* TASK OBJECTIVE
Repeat the span of the entries below that starts at the line with "Toyota RAV4 Plug-in Hybrid 3 of 11" and ends at the line with "A1 Snow Angels Visit Levi", nothing more. Skip the pictures.

(DATA FOR ANALYSIS Opens)

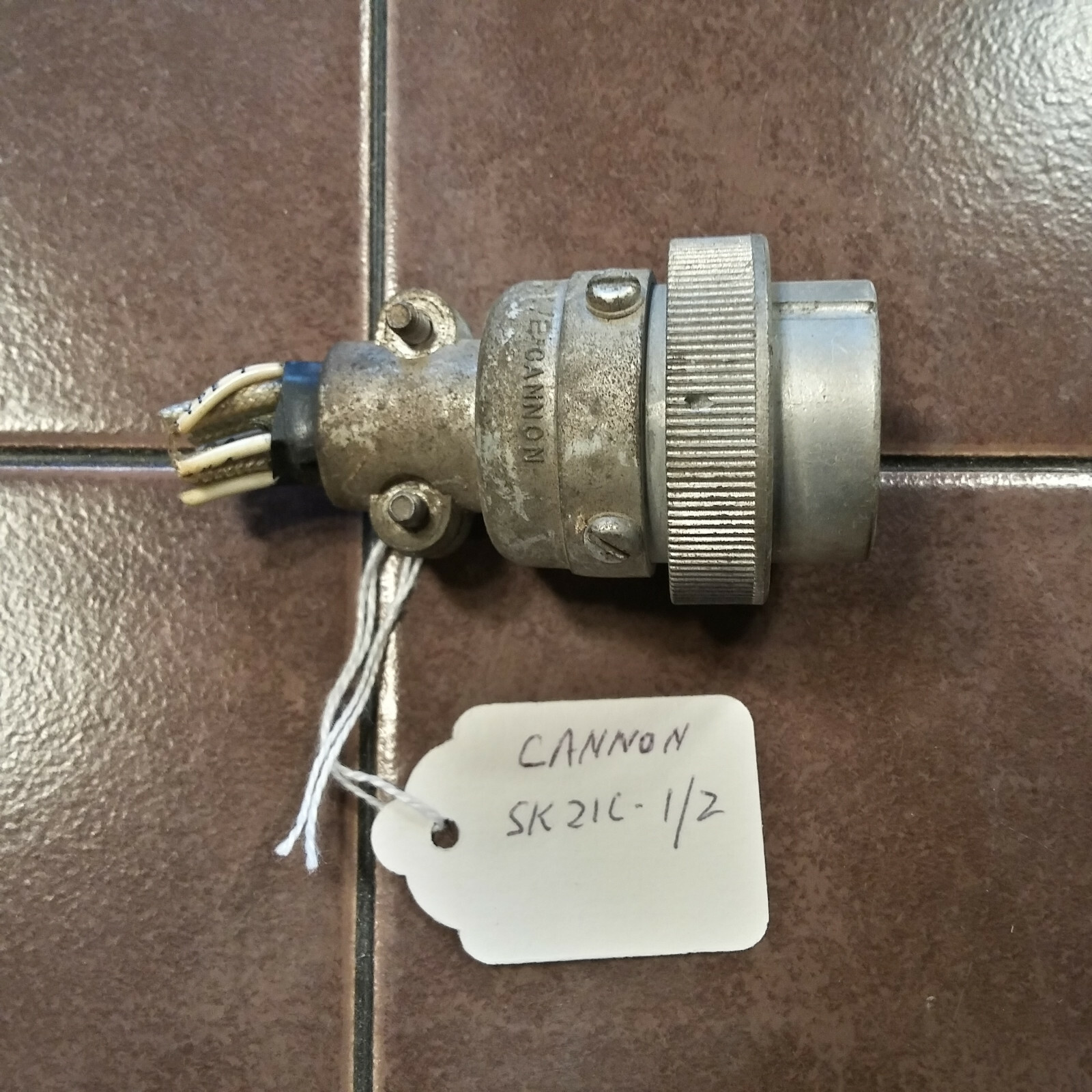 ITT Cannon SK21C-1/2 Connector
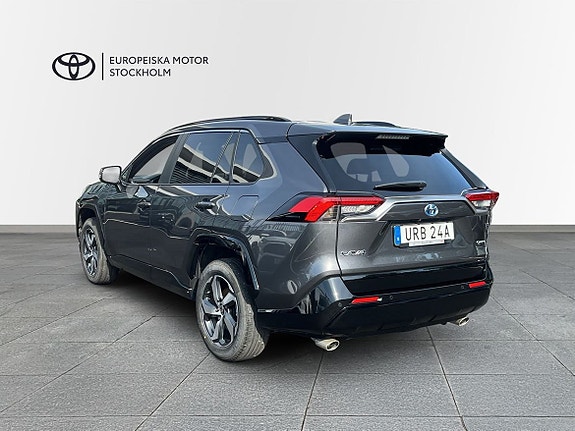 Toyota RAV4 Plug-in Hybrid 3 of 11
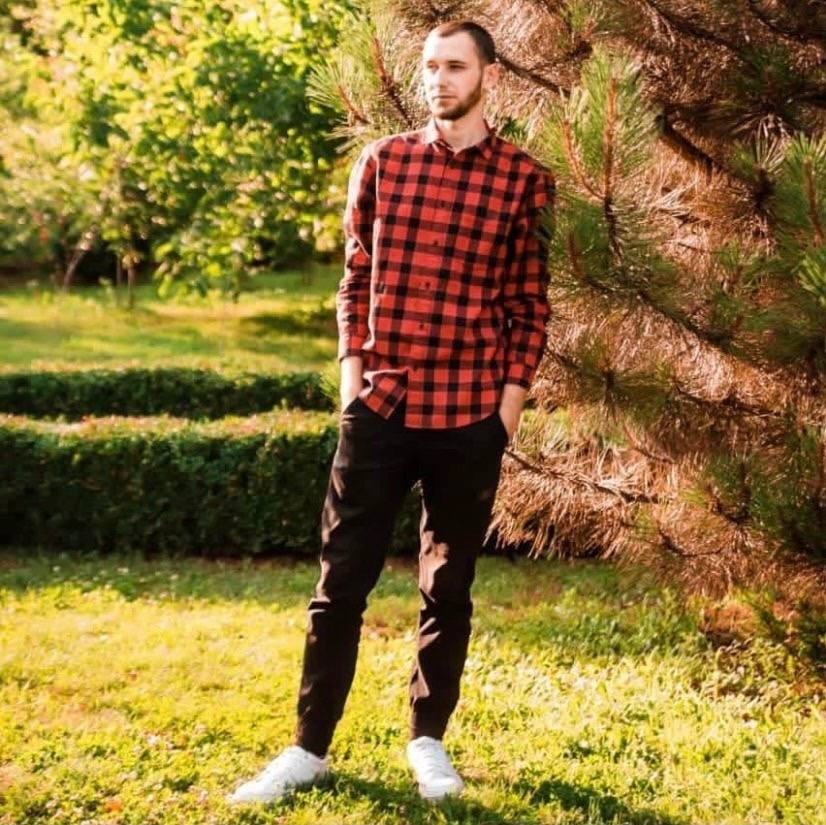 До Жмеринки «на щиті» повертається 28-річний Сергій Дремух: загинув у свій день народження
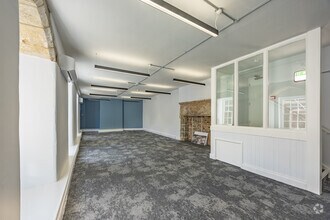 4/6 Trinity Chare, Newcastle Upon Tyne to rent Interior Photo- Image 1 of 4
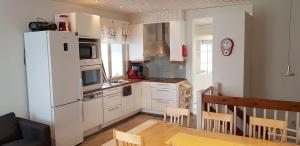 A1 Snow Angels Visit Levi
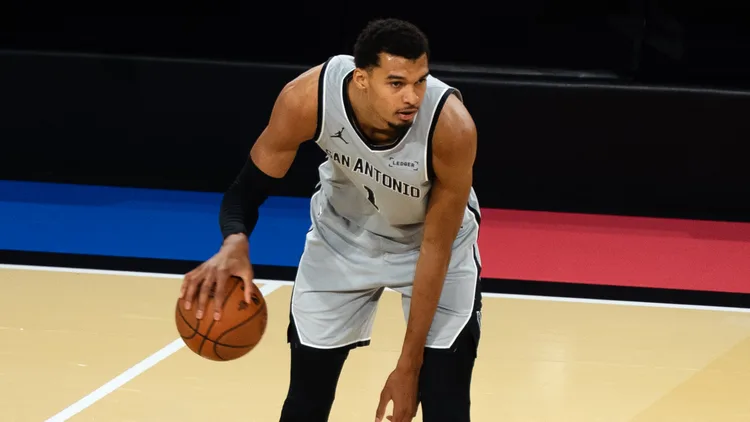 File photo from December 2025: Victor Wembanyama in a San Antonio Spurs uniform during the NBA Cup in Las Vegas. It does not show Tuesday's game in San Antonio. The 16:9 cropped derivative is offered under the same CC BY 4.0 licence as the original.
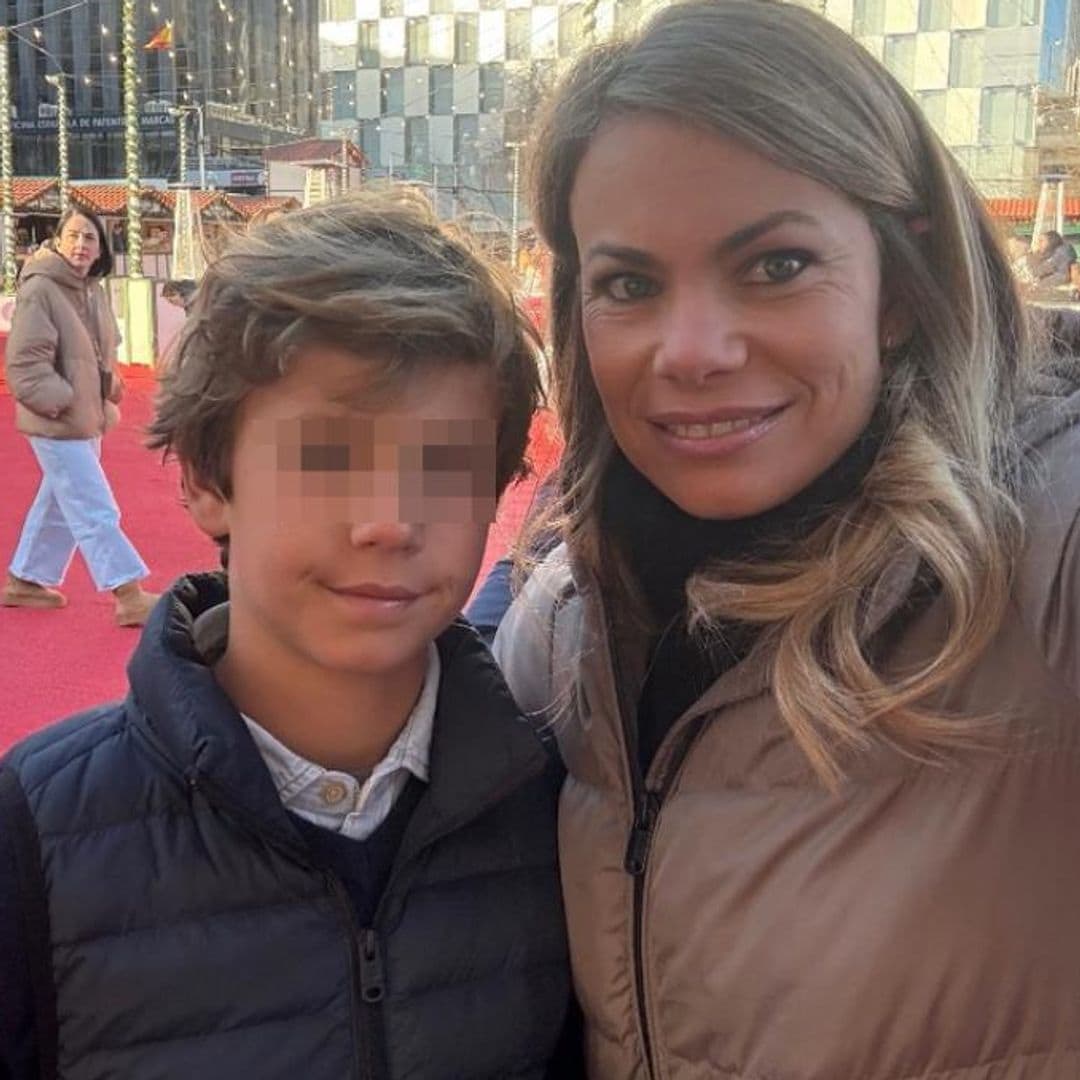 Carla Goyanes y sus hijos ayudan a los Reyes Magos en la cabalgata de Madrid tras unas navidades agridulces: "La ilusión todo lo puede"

(DATA FOR ANALYSIS Closes)

* RESPONSE FOR THIS EXERCISE
 Toyota RAV4 Plug-in Hybrid 3 of 11
 До Жмеринки «на щиті» повертається 28-річний Сергій Дремух: загинув у свій день народження
 4/6 Trinity Chare, Newcastle Upon Tyne to rent Interior Photo- Image 1 of 4
 A1 Snow Angels Visit Levi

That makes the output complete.